# pick 2



## hideit (Oct 3, 2007)

vote on one 9mm and one 45acp
based on several open threads i have tried to condense them to get to one poll
one should be able to vote twice - one for a 9mm and one for a 45acp
IF I DID IT CORRECTLY


----------



## hideit (Oct 3, 2007)

it actually worked!
vote for one each
i hope to see if this poll is the same as my understand of most of the threads over the last several months


----------



## DogRanger (Apr 12, 2008)

If this poll stays the way it is, there's more people who think like I do than I thought. :smt023


----------



## JeffsSig (Jul 13, 2008)

I had to Vote on the 19 and XD45.
2 Fine guns!!!


----------



## DogRanger (Apr 12, 2008)

JeffsSig said:


> I had to Vote on the 19 and XD45.
> 2 Fine guns!!!


+1............same here.


----------



## Don357 (Dec 4, 2007)

Since the choices were so limited, I had to vote for the S&W's. I looked at some XD's and they just don't feel right for some reason, and to me Glock is not a choice, it's a last resort. Only if nothing else is available and it's an emergency.


----------



## Ram Rod (Jan 16, 2008)

> and to me Glock is not a choice, it's a last resort. Only if nothing else is available and it's an emergency.

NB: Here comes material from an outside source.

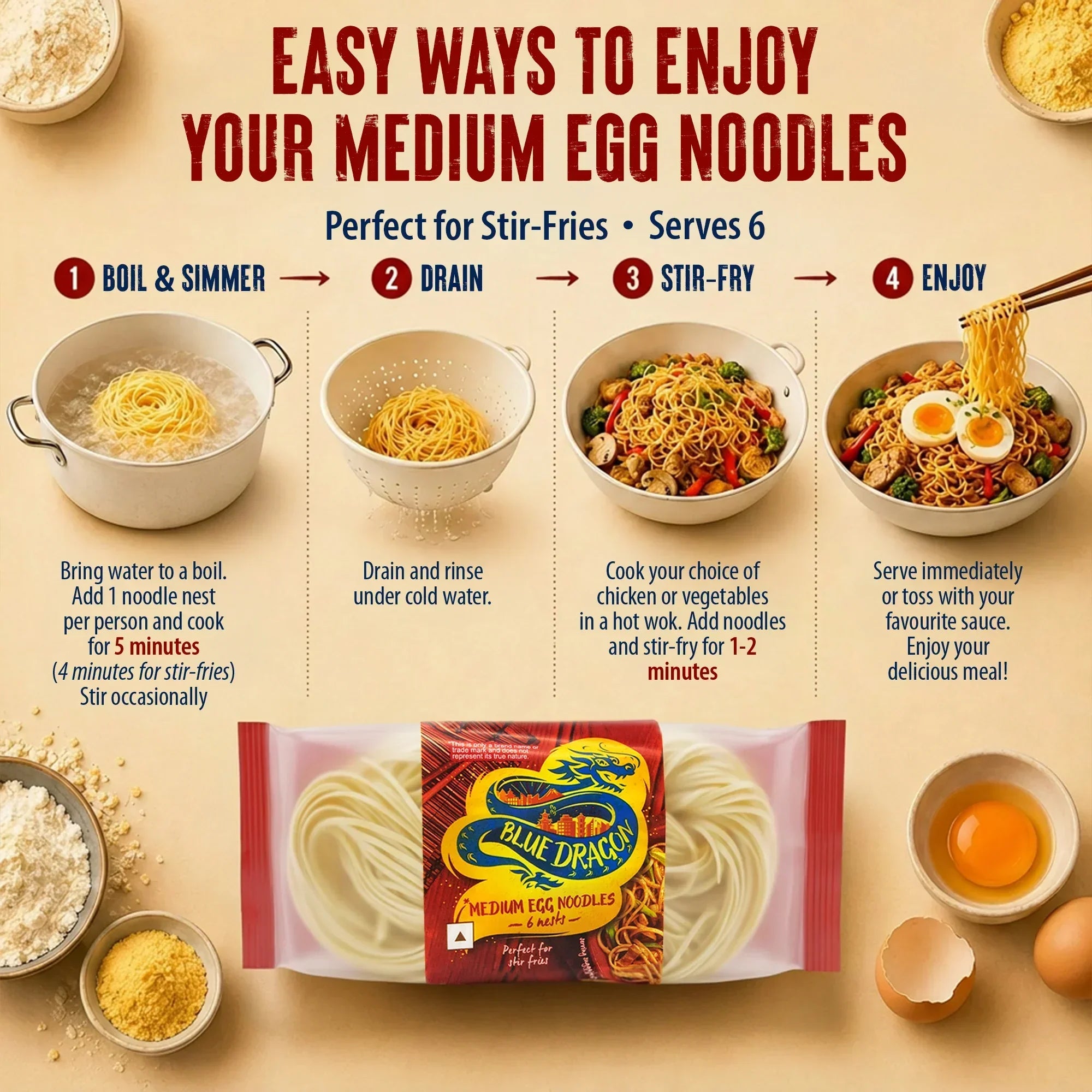 Blue Dragon Medium Egg Noodles cooking guide: boil, drain, stir-fry, enjoy with veggies or chicken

Ah----the simple reasons I choose to carry Glock. Yes---my last resort, and it will be an emergency, but it will be depended upon no doubt...that's why it's my first choice. Let the poll speak for itself---G19 tops the list for now, and the G30 is neck at neck. The G30 didn't pan out so well to my liking, but they have come out with the SF version which may be a better option.


----------



## tekhead1219 (May 16, 2008)

Chose both the 9 and the 45 in XD. Haven't shot the others. Did shoot a Glock .40 (don't remember the model) and just didn't like the way it felt or recoiled as compared to an XD.


----------



## Don357 (Dec 4, 2007)

Ram Rod said:


> Ah----the simple reasons I choose to carry Glock. Yes---my last resort, and it will be an emergency, but it will be depended upon no doubt...that's why it's my first choice. Let the poll speak for itself---G19 tops the list for now, and the G30 is neck at neck. The G30 didn't pan out so well to my liking, but they have come out with the SF version which may be a better option.

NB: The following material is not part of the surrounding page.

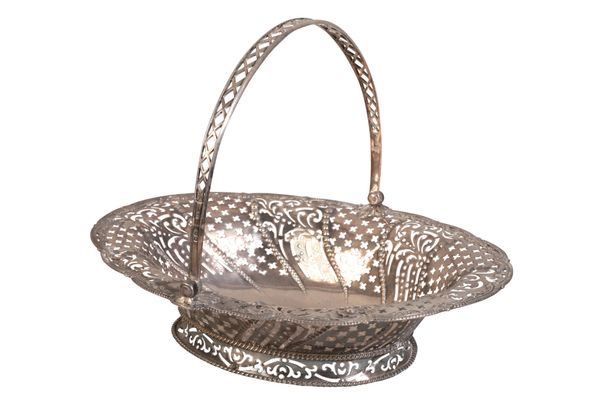 A GEORGE II SILVER OVAL BASKET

I didn't mean that I like Glucks, I meant that I would pick anything before I'd pick one. Not that they're not good guns, they are. I just don't like 'em!


----------



## Spartan (Jan 1, 2007)

G19 and XD. Not only did I vote for these, I bought them too.


----------



## DevilsJohnson (Oct 21, 2007)

I've had a couple Glocks and they will do what you pay for that's the truth. I just don't like the way they feel in my hand. I've held the XD and MPs but really don't care for those too much either...I couldn't vote. All of them according to reports are pretty good pistols..just wont find their way into my collection. I do have two 9mm though..A springer 1911 9mm and a 226 Sig. I'd lean to the Sig there just because it shoots so well and nas yet to not cycle no matter how much I torture it. AS to 45s I think I've talked about those a million times being a 191 nut. I have been having a lot of fun with a Model 25-2 S&W wheel gun though. It's a lot of fun to shoot:smt033


----------



## Glockamania® (Dec 21, 2006)

Glock.


----------



## Big_Jim (Jan 18, 2008)

I have glocks now, but if i was starting over I woud look closely at the M&P's


----------



## JustRick (Sep 14, 2008)

You misspelled "CZ 75 SP-01 and FNP 45." HTH. :smt083


----------



## hideit (Oct 3, 2007)

:smt084:smt084:smt084since i posted this the FNP-45 has been announced but with no reports
i guess it will be a while
would love to see a comparison between the xd45 and the FNP-45

that will be a real "duke em out fight"
someday when we can get our hands on them


----------



## bill5074 (Jun 23, 2008)

None of the above


----------



## Tuefelhunden (Nov 20, 2006)

I voted G19 and G30. Lots of support for the XD tho I see. Maybe I'm missing somthing. A little surprised the G30 isn't getting more love. It's a fat boy but it sure shoots nice and freakishly accurate.

Tuefelhunden


----------



## tekhead1219 (May 16, 2008)

tekhead1219 said:


> Chose both the 9 and the 45 in XD. Haven't shot the others. Did shoot a Glock .40 (don't remember the model) and just didn't like the way it felt or recoiled as compared to an XD.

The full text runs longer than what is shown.